キリスト教会は,入浴の習慣を攻撃したが,その理由(根拠)は,肉体をいっそう魅力的にするものは,すべて罪へと向かう(罪を生む)傾向があるということであった。垢(あか)は称賛され,高潔(神聖)を示すその匂いは,ますます鼻を衝くものとなった。聖パーオラ(St. Paula)は,「肉体とそれを包む衣服の清潔さは魂の不潔さを意味する。」(出典:ハヴェロック・エリス著『性心理の研究』第四巻,p.31)と言った。シラミは神の真珠と呼ばれ,シラミだらけであることが,聖者としての不可欠の印であった。
The Church attacked the habit of the bath on the ground that everything that makes the body more attractive tends towards sin. Dirt was praised, and the odour of sanctity became more and more penetrating. "The purity of the body and its garments", said St. Paula, "means the impurity of the soul."(* note: Havelock Ellis, Studies in the Psychology of Sex, vo1. iv, p. 3I) Lice were called the pearls of God, and to be covered with them was an indispensable mark of a holy man.
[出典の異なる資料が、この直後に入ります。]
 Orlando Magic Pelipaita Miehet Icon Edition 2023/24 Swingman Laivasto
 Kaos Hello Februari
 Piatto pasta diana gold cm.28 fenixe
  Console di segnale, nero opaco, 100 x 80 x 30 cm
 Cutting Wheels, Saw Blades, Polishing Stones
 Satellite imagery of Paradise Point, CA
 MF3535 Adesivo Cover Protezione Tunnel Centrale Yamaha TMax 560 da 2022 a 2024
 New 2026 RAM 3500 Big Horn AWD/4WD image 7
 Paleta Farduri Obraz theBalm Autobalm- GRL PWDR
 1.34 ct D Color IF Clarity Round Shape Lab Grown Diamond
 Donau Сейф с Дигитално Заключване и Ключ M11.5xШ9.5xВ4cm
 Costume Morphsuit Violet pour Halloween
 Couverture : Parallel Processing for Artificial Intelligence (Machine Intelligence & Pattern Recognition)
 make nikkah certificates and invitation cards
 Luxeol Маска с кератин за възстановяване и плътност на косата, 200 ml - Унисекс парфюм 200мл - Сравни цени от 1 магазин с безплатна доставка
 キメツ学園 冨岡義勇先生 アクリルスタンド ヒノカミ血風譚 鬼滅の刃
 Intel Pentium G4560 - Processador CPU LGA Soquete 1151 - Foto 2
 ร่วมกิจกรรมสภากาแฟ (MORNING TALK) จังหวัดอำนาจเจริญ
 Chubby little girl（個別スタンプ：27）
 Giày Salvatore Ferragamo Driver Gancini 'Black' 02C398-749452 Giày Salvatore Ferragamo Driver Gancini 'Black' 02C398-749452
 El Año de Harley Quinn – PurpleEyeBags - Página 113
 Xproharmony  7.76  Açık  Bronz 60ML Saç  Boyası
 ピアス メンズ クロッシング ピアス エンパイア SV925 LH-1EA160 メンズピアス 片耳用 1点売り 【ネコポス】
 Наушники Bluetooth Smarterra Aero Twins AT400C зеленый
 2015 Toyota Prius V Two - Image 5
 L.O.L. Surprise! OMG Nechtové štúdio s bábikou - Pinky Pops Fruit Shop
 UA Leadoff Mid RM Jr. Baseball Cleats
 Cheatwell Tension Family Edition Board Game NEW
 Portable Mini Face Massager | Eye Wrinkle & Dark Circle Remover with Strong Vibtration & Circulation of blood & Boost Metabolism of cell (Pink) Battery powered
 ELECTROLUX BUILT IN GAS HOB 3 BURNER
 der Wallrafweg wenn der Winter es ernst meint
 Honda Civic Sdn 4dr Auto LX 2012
出典: Bertrand Russell :Marriage and Morals, 1929
詳細情報:https://russell-j.com/beginner/MM05-040.HTM
<寸言>
乾燥している国は(日本のように雨が多く降り)湿度の高い国のように体を長く洗わなくてお耐えることができる。 キリスト教やユダヤ教は乾燥した国に生まれており、キリスト教会が貴重な水を多量に使用することを非難する深層心理がそこにあるようにも見える。 雨の多い日本なら、雨に打たれることによって入浴の代わりにすることもでき、入浴の習慣を非難するようなことはあまり考えられない。